| WHAT YOU NEED TO DO |
Could you retype, exactly as written, every line from the top of the records through the line that contains "LOFT Blue Floral Puff Sleeve Dress Size 4"?

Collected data
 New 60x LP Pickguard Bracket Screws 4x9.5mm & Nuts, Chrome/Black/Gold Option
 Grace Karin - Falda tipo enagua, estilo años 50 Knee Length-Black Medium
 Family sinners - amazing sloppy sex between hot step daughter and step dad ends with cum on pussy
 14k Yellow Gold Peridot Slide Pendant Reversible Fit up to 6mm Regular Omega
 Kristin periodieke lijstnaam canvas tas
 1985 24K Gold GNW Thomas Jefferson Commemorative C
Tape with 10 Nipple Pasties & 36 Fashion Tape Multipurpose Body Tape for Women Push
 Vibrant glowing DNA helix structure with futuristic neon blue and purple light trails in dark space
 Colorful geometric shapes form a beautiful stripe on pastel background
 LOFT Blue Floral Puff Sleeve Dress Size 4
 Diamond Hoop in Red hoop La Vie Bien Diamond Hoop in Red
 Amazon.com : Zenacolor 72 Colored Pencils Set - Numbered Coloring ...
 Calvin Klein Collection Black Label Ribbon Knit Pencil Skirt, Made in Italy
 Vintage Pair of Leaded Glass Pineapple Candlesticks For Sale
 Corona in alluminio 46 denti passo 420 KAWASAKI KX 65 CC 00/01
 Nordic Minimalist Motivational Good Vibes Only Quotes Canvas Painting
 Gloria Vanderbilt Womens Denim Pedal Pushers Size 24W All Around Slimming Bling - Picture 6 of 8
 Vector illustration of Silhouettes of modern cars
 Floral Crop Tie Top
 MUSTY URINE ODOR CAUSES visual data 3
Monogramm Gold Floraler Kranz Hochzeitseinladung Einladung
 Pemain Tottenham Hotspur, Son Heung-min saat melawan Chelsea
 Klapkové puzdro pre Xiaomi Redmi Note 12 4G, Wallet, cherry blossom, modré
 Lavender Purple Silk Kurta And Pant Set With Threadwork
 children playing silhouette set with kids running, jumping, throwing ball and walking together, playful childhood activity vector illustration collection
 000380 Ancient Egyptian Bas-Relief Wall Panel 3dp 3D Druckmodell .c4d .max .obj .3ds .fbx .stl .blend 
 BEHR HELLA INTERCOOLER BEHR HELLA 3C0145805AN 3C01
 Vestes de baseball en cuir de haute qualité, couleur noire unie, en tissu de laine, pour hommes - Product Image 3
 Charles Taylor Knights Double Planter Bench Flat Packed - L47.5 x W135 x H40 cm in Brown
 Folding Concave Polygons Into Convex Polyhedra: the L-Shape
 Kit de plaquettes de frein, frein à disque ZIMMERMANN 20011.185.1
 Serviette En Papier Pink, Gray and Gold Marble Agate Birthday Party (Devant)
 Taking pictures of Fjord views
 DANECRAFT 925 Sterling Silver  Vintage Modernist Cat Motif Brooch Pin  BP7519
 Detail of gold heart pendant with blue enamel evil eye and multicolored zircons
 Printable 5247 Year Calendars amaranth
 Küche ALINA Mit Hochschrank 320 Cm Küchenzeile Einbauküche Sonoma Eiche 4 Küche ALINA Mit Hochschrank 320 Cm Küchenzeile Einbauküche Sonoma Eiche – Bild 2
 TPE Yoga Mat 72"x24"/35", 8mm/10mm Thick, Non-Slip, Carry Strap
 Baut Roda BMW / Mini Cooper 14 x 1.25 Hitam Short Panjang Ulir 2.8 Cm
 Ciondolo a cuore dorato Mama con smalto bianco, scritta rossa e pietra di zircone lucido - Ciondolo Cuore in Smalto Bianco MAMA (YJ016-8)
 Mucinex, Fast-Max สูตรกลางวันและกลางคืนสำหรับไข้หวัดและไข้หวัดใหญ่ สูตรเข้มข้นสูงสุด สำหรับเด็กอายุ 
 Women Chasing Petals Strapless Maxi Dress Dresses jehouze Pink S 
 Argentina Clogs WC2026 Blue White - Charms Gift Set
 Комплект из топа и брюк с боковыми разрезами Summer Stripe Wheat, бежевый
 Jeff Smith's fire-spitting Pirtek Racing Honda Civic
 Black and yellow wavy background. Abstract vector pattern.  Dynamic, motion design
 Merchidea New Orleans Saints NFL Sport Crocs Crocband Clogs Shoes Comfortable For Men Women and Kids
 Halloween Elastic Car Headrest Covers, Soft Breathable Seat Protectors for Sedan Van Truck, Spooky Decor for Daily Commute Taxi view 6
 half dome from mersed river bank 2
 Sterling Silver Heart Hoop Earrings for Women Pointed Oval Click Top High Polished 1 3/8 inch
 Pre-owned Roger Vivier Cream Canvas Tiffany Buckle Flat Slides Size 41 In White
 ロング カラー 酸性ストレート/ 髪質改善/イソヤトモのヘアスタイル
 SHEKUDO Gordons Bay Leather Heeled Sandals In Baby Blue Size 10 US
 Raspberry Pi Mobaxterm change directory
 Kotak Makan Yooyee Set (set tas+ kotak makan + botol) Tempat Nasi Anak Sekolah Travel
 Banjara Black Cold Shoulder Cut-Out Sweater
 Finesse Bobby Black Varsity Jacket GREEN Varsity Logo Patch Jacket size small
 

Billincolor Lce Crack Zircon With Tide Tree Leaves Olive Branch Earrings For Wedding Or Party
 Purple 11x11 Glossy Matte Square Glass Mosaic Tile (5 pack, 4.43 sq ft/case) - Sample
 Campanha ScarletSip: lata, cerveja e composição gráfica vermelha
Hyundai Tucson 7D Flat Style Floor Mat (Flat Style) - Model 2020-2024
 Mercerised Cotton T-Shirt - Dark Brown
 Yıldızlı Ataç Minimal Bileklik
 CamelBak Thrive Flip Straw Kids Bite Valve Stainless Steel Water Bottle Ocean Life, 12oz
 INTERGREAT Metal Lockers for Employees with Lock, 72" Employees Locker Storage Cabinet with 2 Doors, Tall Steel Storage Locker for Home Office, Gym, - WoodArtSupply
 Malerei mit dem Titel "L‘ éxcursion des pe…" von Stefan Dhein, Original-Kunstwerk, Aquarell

| EXERCISE RESULT |
 New 60x LP Pickguard Bracket Screws 4x9.5mm & Nuts, Chrome/Black/Gold Option
 Grace Karin - Falda tipo enagua, estilo años 50 Knee Length-Black Medium
 Family sinners - amazing sloppy sex between hot step daughter and step dad ends with cum on pussy
 14k Yellow Gold Peridot Slide Pendant Reversible Fit up to 6mm Regular Omega
 Kristin periodieke lijstnaam canvas tas
 1985 24K Gold GNW Thomas Jefferson Commemorative C
Tape with 10 Nipple Pasties & 36 Fashion Tape Multipurpose Body Tape for Women Push
 Vibrant glowing DNA helix structure with futuristic neon blue and purple light trails in dark space
 Colorful geometric shapes form a beautiful stripe on pastel background
 LOFT Blue Floral Puff Sleeve Dress Size 4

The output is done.